Im Oligozän begann das Klima weniger warm und feucht zu werden (war aber immer noch weit wärmer und feuchter als heute), und bis ins Miozän hinein (in Zeitperioden in der Größenordnung von ca. 1 Mio Jahren) stärker zu fluktuieren.
Millar 1996, Tertiary Vegetation, Chap.5:
Vegetation dynamics of the Miocene and Pliocene of the Sierra Nevada and adjacent regions are complex. Although this undoubtedly reflects the major environmental transitions of the time, it is probably also an artifact of the better records from younger ages. I discuss in turn the Miocene-Pliocene vegetation history under three more-or-less-chronological themes:
1. Early extinctions and vegetation replacements resulting from the Eocene:Oligocene climatic event,
2. High diversity through the middle to late Miocene correlated with summer rain, and
3. Migrations, species turnovers, increasing provincialization, zonation, and late Miocene extinctions due to decreasing summer rainfall through the Miocene-Pliocene.

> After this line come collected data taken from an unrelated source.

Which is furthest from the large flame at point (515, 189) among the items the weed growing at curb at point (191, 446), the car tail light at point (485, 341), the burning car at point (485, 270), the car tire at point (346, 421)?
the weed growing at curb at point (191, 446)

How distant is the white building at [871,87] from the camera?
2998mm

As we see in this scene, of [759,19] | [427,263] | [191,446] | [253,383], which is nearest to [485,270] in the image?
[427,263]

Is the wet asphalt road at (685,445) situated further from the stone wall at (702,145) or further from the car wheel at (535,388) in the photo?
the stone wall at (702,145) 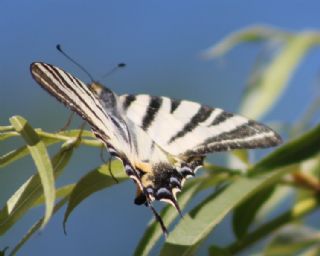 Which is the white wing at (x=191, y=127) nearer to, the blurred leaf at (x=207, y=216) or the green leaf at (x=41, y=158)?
the blurred leaf at (x=207, y=216)

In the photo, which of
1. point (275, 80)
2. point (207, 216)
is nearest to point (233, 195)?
point (207, 216)

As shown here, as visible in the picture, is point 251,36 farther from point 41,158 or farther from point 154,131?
point 41,158

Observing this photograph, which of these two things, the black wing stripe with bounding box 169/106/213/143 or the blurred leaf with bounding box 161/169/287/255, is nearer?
the blurred leaf with bounding box 161/169/287/255

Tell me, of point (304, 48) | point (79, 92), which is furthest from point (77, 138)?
point (304, 48)

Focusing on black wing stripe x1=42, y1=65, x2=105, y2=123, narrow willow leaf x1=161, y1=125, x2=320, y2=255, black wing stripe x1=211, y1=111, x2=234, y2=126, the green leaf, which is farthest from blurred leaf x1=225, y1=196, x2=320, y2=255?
the green leaf

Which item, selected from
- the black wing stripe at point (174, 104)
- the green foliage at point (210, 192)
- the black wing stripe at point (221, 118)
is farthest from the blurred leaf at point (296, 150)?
the black wing stripe at point (174, 104)

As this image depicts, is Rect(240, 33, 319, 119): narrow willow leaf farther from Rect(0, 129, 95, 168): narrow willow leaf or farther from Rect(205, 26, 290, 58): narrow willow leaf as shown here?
Rect(0, 129, 95, 168): narrow willow leaf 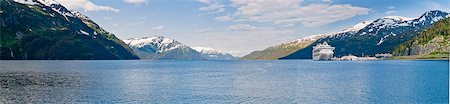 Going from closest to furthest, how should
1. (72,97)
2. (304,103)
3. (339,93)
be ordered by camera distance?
(304,103)
(72,97)
(339,93)

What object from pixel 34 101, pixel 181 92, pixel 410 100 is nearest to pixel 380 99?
pixel 410 100

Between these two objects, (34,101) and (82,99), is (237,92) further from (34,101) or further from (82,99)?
(34,101)

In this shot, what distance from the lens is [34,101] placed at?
6531cm

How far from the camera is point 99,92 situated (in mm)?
80750

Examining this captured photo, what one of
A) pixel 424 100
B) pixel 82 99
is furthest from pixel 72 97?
pixel 424 100

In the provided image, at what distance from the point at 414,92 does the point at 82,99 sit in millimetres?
56225

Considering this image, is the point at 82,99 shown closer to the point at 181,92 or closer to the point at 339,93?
the point at 181,92

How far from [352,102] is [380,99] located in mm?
6294

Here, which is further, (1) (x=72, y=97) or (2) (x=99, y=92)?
(2) (x=99, y=92)

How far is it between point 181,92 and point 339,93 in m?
28.4

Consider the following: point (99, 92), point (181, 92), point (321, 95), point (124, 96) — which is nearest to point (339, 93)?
point (321, 95)

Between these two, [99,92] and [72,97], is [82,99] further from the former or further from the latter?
[99,92]

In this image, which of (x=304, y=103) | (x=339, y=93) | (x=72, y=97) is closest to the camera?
(x=304, y=103)

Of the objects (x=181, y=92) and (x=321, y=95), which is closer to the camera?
(x=321, y=95)
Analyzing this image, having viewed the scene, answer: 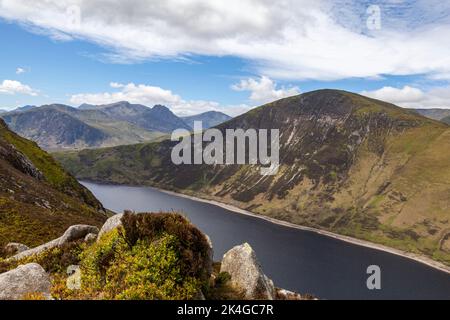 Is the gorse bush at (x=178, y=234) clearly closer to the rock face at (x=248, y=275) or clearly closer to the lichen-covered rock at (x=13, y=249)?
the rock face at (x=248, y=275)

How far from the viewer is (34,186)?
6600 centimetres

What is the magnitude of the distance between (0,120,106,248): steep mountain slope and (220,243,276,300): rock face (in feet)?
82.4

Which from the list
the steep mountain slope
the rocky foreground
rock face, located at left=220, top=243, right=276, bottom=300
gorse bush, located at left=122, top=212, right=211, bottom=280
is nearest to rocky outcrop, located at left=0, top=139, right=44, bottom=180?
the steep mountain slope

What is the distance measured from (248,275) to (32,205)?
43.7m

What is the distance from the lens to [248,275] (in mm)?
22953

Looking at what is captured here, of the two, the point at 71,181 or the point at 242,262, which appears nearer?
the point at 242,262

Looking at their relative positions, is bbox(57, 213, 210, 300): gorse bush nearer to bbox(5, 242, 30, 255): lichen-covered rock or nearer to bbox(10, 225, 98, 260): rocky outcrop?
bbox(10, 225, 98, 260): rocky outcrop

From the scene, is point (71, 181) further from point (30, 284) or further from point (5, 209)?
point (30, 284) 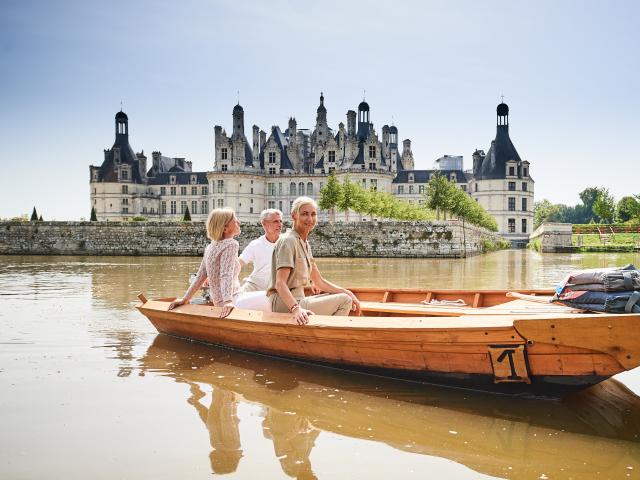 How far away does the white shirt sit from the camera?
22.2 ft

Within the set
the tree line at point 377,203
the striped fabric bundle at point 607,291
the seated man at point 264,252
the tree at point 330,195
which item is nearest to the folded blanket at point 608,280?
the striped fabric bundle at point 607,291

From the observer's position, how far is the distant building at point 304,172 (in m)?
66.8

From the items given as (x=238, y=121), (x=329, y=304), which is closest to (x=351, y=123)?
(x=238, y=121)

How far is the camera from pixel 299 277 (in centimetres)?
555

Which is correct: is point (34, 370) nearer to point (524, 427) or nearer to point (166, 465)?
point (166, 465)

Early Extinctions and Replacements
(...) The most dramatic changes are the loss of warm-humid-adapted angiosperms and the appearance of cool-temperate-adapted conifers and angiosperms (Axelrod 1977, 1986; Axelrod and Schorn 1994; Raven and Axelrod 1978; Schorn 1984; Wolfe 1969). Almost all of the key subtropical and tropical taxa (e.g., Diospyros, Ficus, Engelhardtia, Magnolia, Viburnum, Cinnamomum, Persea) that are known from Sierran and other western North American Eocene floras are missing from the fossil deposits of the mid-Tertiary. (...) many taxa (or their nearest relatives) that occurred in California during the Eocene are found now in tropical Mexico and others only in eastern Asia (Axelrod 1977; Raven and Axelrod 1978). (...) In addition to taxa currently native to the Sierra Nevada, these Miocene forests contained temperate-adapted taxa now native to other parts of North America. These included conifers and angiosperms currently native to non-Sierran provinces of California (e.g., Chamaecyparis, Sequoia, Picea, Thuja, coastal species of Quercus), as well as species that now grow in eastern North America (e.g., Carya, Ulmus, Juglans, Liquidambar). Many of these temperate-adapted taxa appear to have been present during the early Tertiary on the volcanic plateau of the Great BasinIdaho uplift, which seems to have served as a refugial island during the warm, humid phases of the early Tertiary (Axelrod 1968, 1986; Axelrod and Raven 1985; Millar 1993; Millar and Kinloch 1991).